While the manufacturers information states that it is code compliant I wonder if code officials have challenged it?  It's easy for a manufacturer to say something meet the code but they want to sell the product.


----------



## steveray (Jul 8, 2014)

If the ladder meets this, they are good......not to dismiss the well minimum sizes.....

R310.2 Window wells.

The minimum horizontal area of the window well shall be 9 square feet (0.9 m2), with a minimum horizontal projection and width of 36 inches (914 mm). The area of the window well shall allow the emergency escape and rescue opening to be fully opened.

Exception: The ladder or steps required by Section R310.2.1 shall be permitted to encroach a maximum of 6 inches (152 mm) into the required dimensions of the window well.

R310.2.1 Ladder and steps.

Window wells with a vertical depth greater than 44 inches (1118 mm) shall be equipped with a permanently affixed ladder or steps usable with the window in the fully open position. Ladders or steps required by this section shall not be required to comply with Sections R311.7 and R311.8. Ladders or rungs shall have an inside width of at least 12 inches (305 mm), shall project at least 3 inches (76 mm) from the wall and shall be spaced not more than 18 inches (457 mm) on center vertically for the full height of the window well.


----------



## cda (Jul 8, 2014)

if you are just talking the window well itself, appears meets dimenesions

""Standard Sizes and Dimensions"""

http://www.bilco.com/foundations/store/shopdetail.asp?product=1WW%2D5*StakWEL-Window-Wells---Modular-Design*StakWEL-Window-Wells---Modular-Design*StakWEL-Window-Wells---Modular-Design*StakWEL-Window-Wells---Modular-Design&tab=desc1


----------



## mjesse (Jul 8, 2014)

Works for me.

mj


----------



## Pcinspector1 (Jul 8, 2014)

Looks like I will have to add another inspection to my growing list of inspections. Will need to verify the well is installed and back filled to manufactures instruction and LIST of numerous requirements.
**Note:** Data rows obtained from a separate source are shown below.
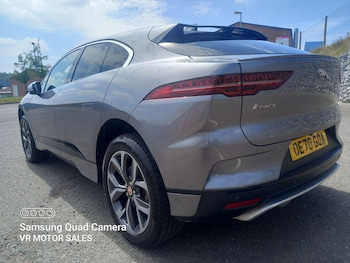 Used Jaguar I-Pace 2020 for sale - 75246818: Photo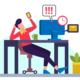 Digital stress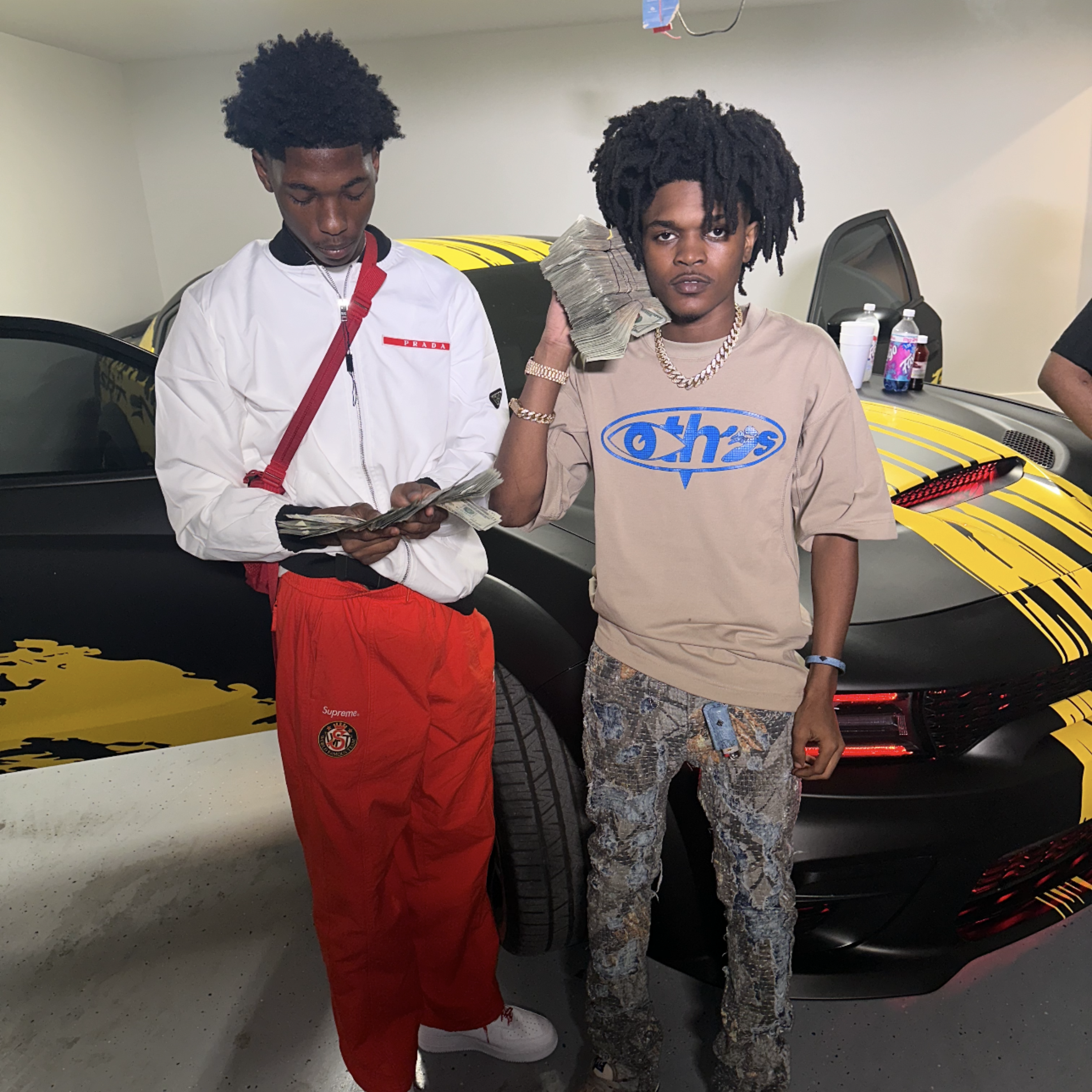 Free Babylake artwork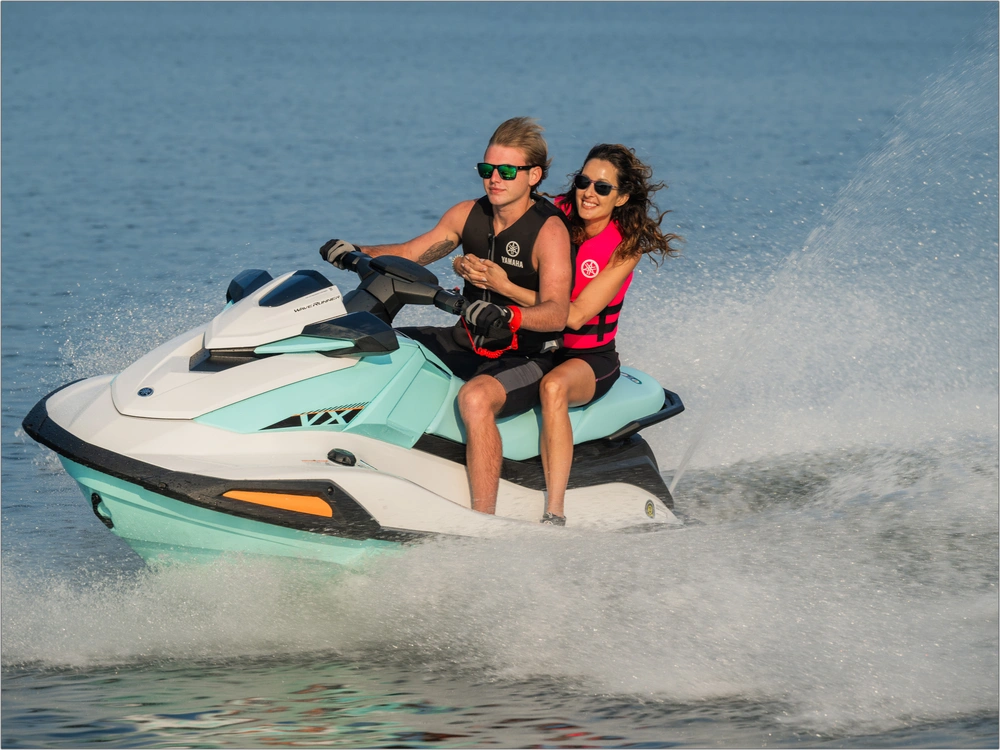 2026 Yamaha Vx alt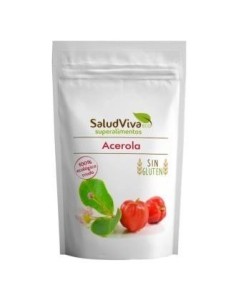 Acerola En Polvo 80Gr. Eco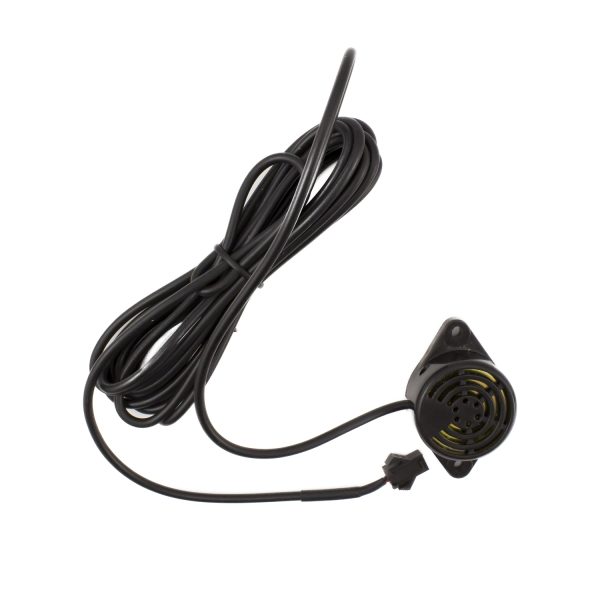 Tolatókamera parkolószenzorral - 12V    Carguard 55069F - Image 3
Ladder rung spacing might be closer than other emergency egress systems I have seen.

Meets code and I would allow it's use.

Pc1


----------



## steveray (Jul 8, 2014)

Pcinspector1 said:
			
		

> Looks like I will have to add another inspection to my growing list of inspections. Will need to verify the well is installed and back filled to manufactures instruction and LIST of numerous requirements.Pc1


Special inspections....Just kidding!  One more thing you will have to take on faith and hope to not get sued for....


----------



## zigmark (Jul 8, 2014)

First of all thanks for all of the input.

"shall project at least 3 inches (76 mm) from the wall" is the question.  At first glance it seemed like there was no issue.  One of my field staff asked the question if the "rungs" were 3" deep or could meet the projection requirement.  I couldn't find the dimensions on the webpage or literature available.  Saying it meets a requirement certainly does not make it so.  Heck if that was the case just hand me a note for house plans saying that it will be 2,000 square feet in area and meets all of the IRC requirements.  That said, I don't see a real issue here and will contact the manufacturer for the dimension.  I was hoping someone had seen them in use.

Thanks

ZIG


----------



## Pcinspector1 (Jul 9, 2014)

IRC2012, SECTION R310.2 Allows the ladder to encroach  a MAXIMUM of 6-inches into the well. Have not seen this used in the field as to date.

steveray, Kinda like verifying OSB fastening on a tilt wall that has the Tyvek installed covering the fasteners I suspect!

pc1


----------